Di ciò dovrà farsi carico il giudice del rinvio, il quale dovrà tenere in conto che le circostanze di fatto che giustificano la personalizzazione del risarcimento del danno non patrimoniale integrano un fatto costitutivo della pretesa e devono essere allegate in modo circostanziato e provate dagli originari attori (con ogni mezzo di prova, e quindi anche attraverso il ricorso al notorio, alle massime di comune esperienza e alle presunzioni semplici, come già ritenuto Cass., Sez.
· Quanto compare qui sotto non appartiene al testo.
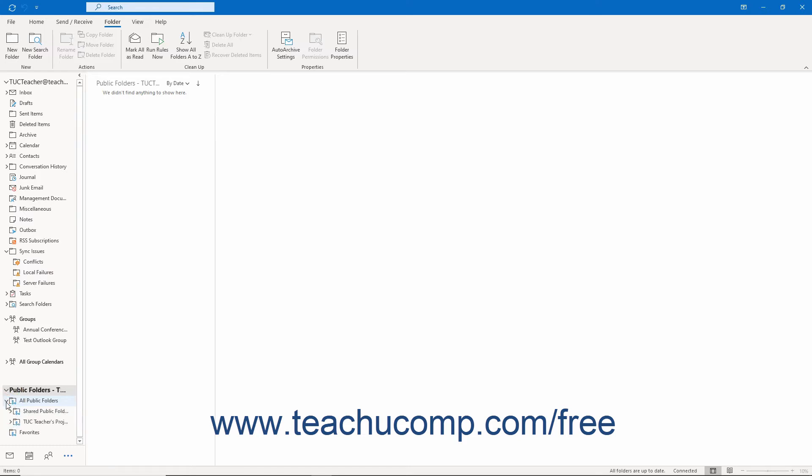If public folders already exist in this folder, you can click the All Public Folders folder to view them. Then click one of the public folders in this list to view its contents.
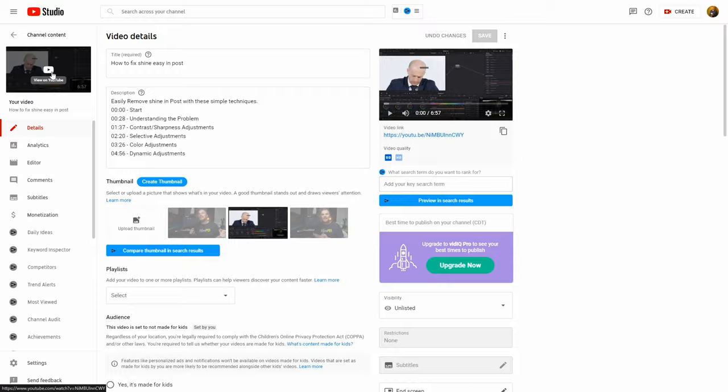And if we select view on YouTube, we now can pause this video and look through our chapters, and even view our chapters down here. And it's just that easy.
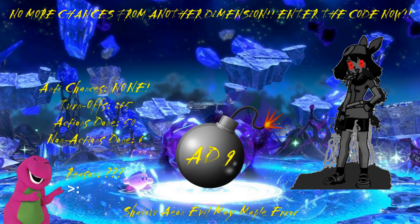No, I am going to let the timer run out instead of entering the code to see what happens.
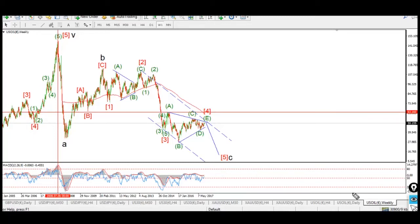Well hello and welcome to a Tuesday evening. This is a little video just to introduce you to the crude oil wave count that I've been working on. I want to do a video because I think that'll be the quickest way to do an overview without getting too into the weeds. So here is the weekly count for US crude oil.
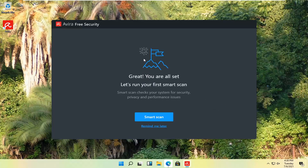Avira generally wants you to run a smart scan when you start it up for the first time, so let's go ahead and actually do that.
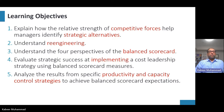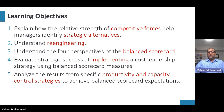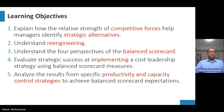The learning objectives of this chapter are: first, explain how the relative strength of competitive forces helps managers identify strategic alternatives. Management must be aware of competitors and develop strategy based on their potential advantages. Second, understand re-engineering and how those tools can be used to improve products compared to competitors and create differentiation between our products and competitors' products.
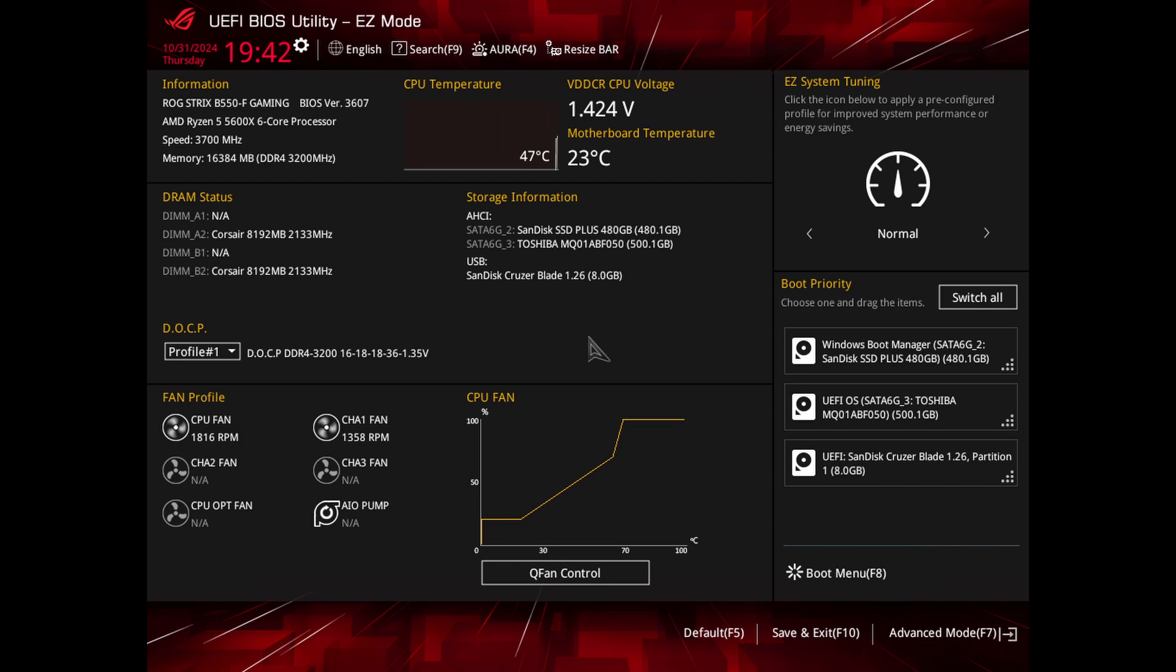Go to the screen you want to capture. Press the F12 key or print screen key, depending on your motherboard, to capture the screenshot.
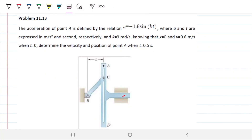Problem 11.13. The acceleration of point A is defined by the relation: acceleration equals negative 1.8 sine of kt, where acceleration is in meters per second squared and t is in seconds. k is given as 3 radians per second and is a constant. Knowing that at t equals 0, position x equals 0 and velocity equals 0.6, determine the velocity and position at time 0.5 seconds.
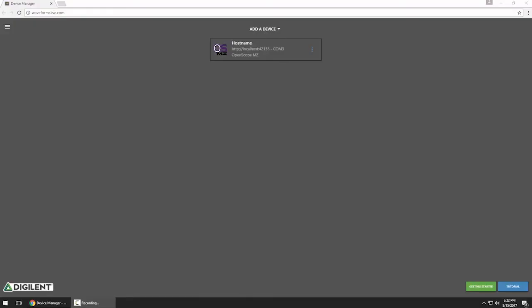Welcome back to the Getting Started with OpenScope MZ video series. I'm Sam Kristoff from Digilent, and in this video, I'll show you how to set up Wi-Fi on the OpenScope MZ.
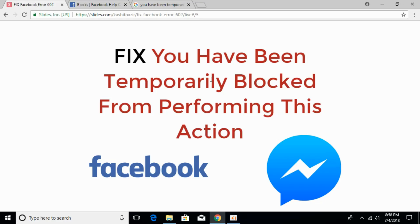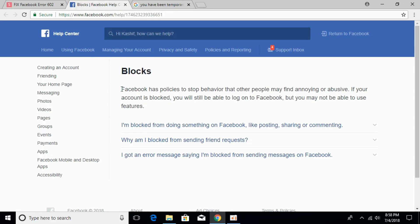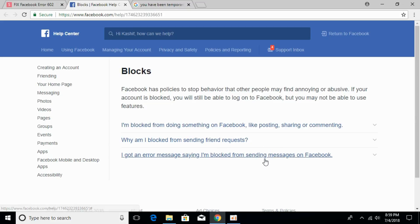For the message 'you have been temporarily blocked from performing this action,' Facebook's official page says it has policies to stop behavior that other people may find annoying or abusive. So Facebook temporarily blocks you from doing certain tasks — that may be liking a post, sharing a post, commenting on a post, sending a friend request, or sending a message on Facebook — to prevent behavior that annoys or feels abusive to someone.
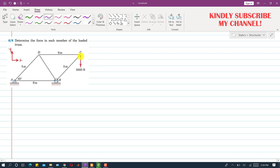We will start from joint C, since we start our solution from a joint where we have at least one known force and two unknowns. At joint C, the unknowns are the CD member force and the BC member force. Whenever there are three forces at a given joint, we assume their directions so they make a closed triangle, meaning the resultant by the head-to-tail rule equals zero, since the joint is in equilibrium.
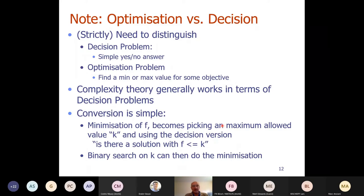The N of NP stands for non-determinism. Standard theory introduces this via non-deterministic Turing machines, but we'll use an example instead. First, a quick distinction between optimisation and decision problems. A decision problem has a simple yes/no answer, while optimisation is about finding a minimum value. Most complexity theory is written in terms of decision problems. Conversion between decision and optimisation is generally easy — you pick a value K and ask: is there a solution better than K?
U., sent. n. 26972/2008), senza potersi risolvere in mere enunciazioni generiche, astratte o ipotetiche.

Il giudice del rinvio, inoltre, nel valutare le circostanze di fatto, sanerà le carenze motivazionali da cui è affetta la sentenza impugnata e, quindi, ove intenda personalizzare il risarcimento del danno non patrimoniale, indicherà analiticamente le circostanze che giustificano la personalizzazione, spiegando per quali ragioni esse non ricorrano nei casi consimili di invalidità dello stesso grado.

7. Conclusivamente il ricorso va accolto per quanto di ragione, la sentenza va, in parte qua, cassata e la causa rinviata, per nuovo esame ed anche per la liquidazione delle spese del giudizio di cassazione, alla Corte d’Appello di Roma, in diversa composizione.

P.Q.M.

La Corte accoglie il ricorso per quanto di ragione, cassa, in parte qua, l’impugnata sentenza e rinvia la causa, anche per la liquidazione delle spese del giudizio di cassazione, alla Corte d’Appello di Roma, in diversa composizione.

Così deciso in Roma, nella Camera di consiglio della Sezione Terza Civile, il 29 novembre 2021.